19/9/21 6:39 da manhã  
Blogger Belogue said...

Olá anónimo.
Não sei me está a dar uma grande tanga... de qualquer forma aqui vão as respostas:
1 - é só um conjunto de quadras com uma ordem (primeiro oferecem-lhe comidas "vazias" em alternativa à sopa, em seguia oferecem-lhe comidas intragáveis, depois deixam-no brincar até sentir fome e por fim ele rende-se à fome). No fundo é um poema cruel.
2- eu sei, não rima. Mas eu queria que no fim como um espelho dentro do espelho, dentro do espelho... tenho a certeza que haverá um nome para isto. Queria que ele desejasse a própria história. Não fui muito feliz com a rima que, já que pergunta, é pobre(adjectivo com adjectivo). Há algumas rimas ricas, mas esta é pobre. Em todos os sentidos.

19/9/21 7:29 da tarde  
Anonymous Anónimo said...

Bom dia Beluga.
Muito obrigado pela sua resposta.
Não,  não se trata aqui duma tanga: eu gostei do seu poema muito sinceramente
Gostei da singeleza das quadras e rimas, perfeitamente adequadas para um leitor/ouvinte infantil.
Gostei como já disse, da quantidade grande de quadras, porque os miúdos querem sempre muito daquilo do  que eles próprios gostam.
A Beluga tem um grande poder de observação e isso enriqueceu o  poema com coisas deliciosas, que no seu poema saem inesperadamente da rotina, onde decorrem quase anónimas (viu um cano por dentro, etc...)
Parece ter também uma grande e muito rica imaginação, que daria para mais uma boa  dezena  de quadras, e fica-se com a sensação que a fonte donde isto tudo saiu não se esgotou. Rendeu-se temporariamente,  tal como o Duarte, mas amanhã começa tudo de novo, não por premeditação mas apenas porque é esta a natureza das coisas
Parece ter  ainda um grande controlo sobre aquilo que escreve, isto é, não é  só inspiração,  como também fica claro na explicação que dá na sua resposta (primeiro oferecem-lhe comidas "vazias" em alternativa à sopa, em seguida oferecem-lhe comidas intragáveis, etc...).
Gostei muito do seu poema por tudo isto e certamente por muito mais, que eu próprio não consigo racionalizar e ainda bem que é assim.
Lamento, também sinceramente, que não o tenha levado ao concurso e acho que devia tentar publicá-lo.
Sei que tenho abusado da sua boa vontade,  agradeço-lhe a pachorra que tem tido para mim (acho que eu já me pus várias vezes à jeito para uma cantiga de mal dizer), mas permita-me que, ainda assim, lhe faça mais uma pergunta e um pedido.
A pergunta é sobre as regras do concurso: era obrigatório incluir o nome do supermercado no poema? Era obrigatório incluir o nome  Pingo doce?
O pedido era que publicasse aqui mais um poema seu, um que lhe parecesse mais adequado.
Quanto à quadra final, agradeço-lhe a explicação que deu e vou pensar um pouco sobre o que escreveu, para tentar perceber melhor.

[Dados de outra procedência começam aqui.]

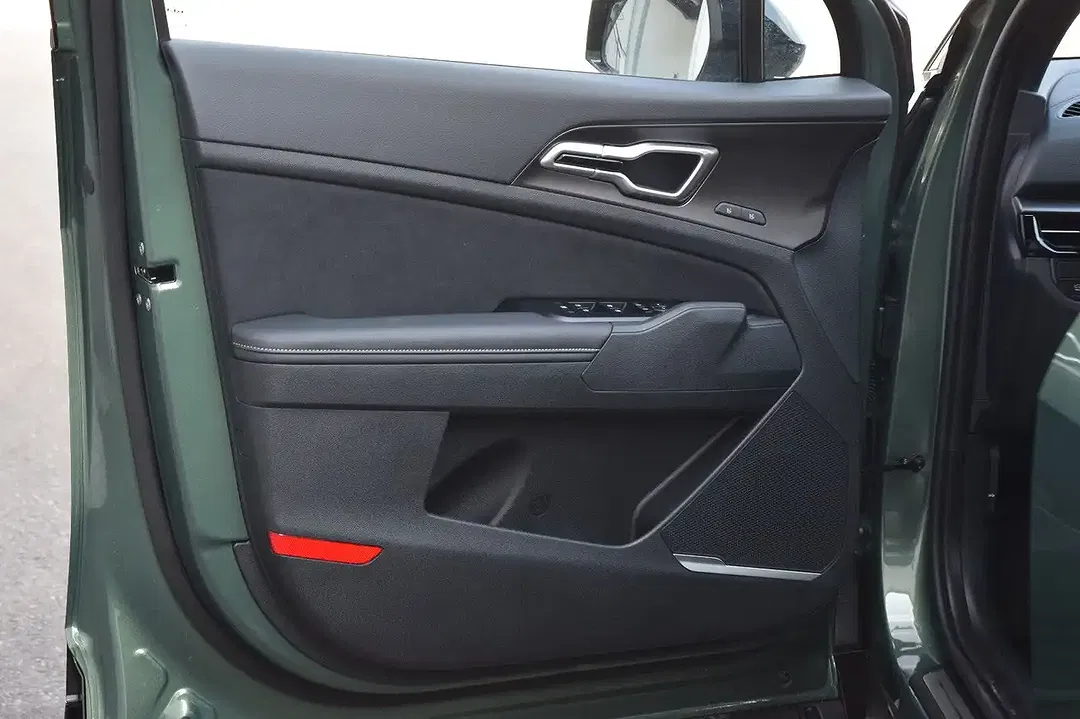 Kia Sportage - Thumbnail 5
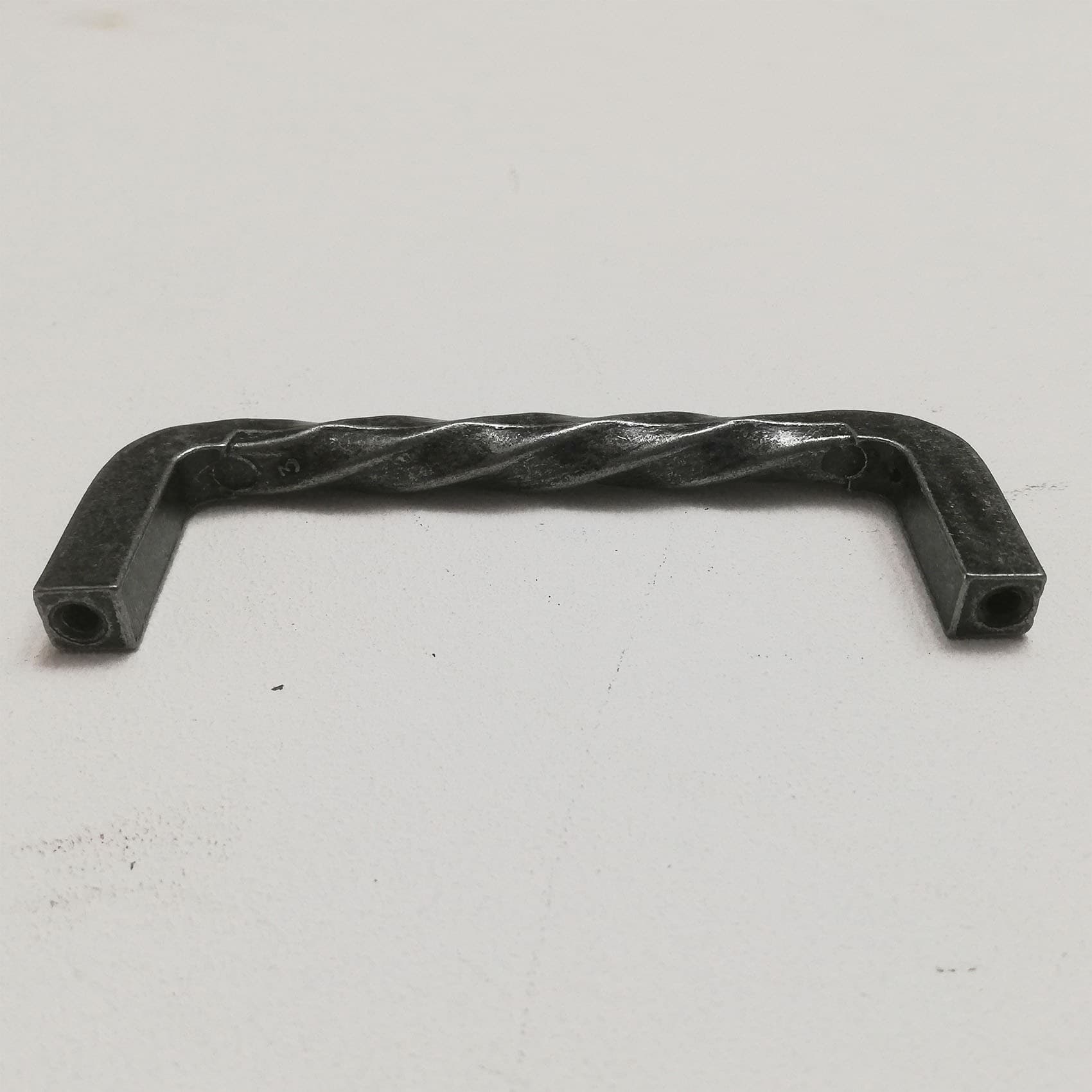 Maniglia quadrata nera interasse 96mm in Tiretti Aloiserw.com - Altomonte, commercioVirtuoso.it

Eu acho que já escrevi aqui alguma coisa sobre o Esteves da  "Tabacaria" ,de Álvaro de Campos. Ele é Esteves, com s, e nao Esteve , é plural, e a sua pluralidade, um tema central em Pessoa, começa logo neste s final ,que é a regra geral para a construção do plural em português.  É  uma coisa subtil, quase que não se dá por ela por ser tão corrente e vulgar haver pessoas que têm um nome com um s no fim. É uma coisa em que não pensamos. Mas não  escapa ao olhar dum poeta.
O poeta tem que acreditar que um s, um simples s,  um  modesto e pobre s que nao rima com nada, um s do qual ninguém dá contas ,está justamente colocado ali à espera que alguém o traga para a luz do sol.

Aqui fica uma oferenda musical: quadras :)) numa exposição,  de Modesto Mussorgsky,  na versão para piano, que eu acho mais sugestiva.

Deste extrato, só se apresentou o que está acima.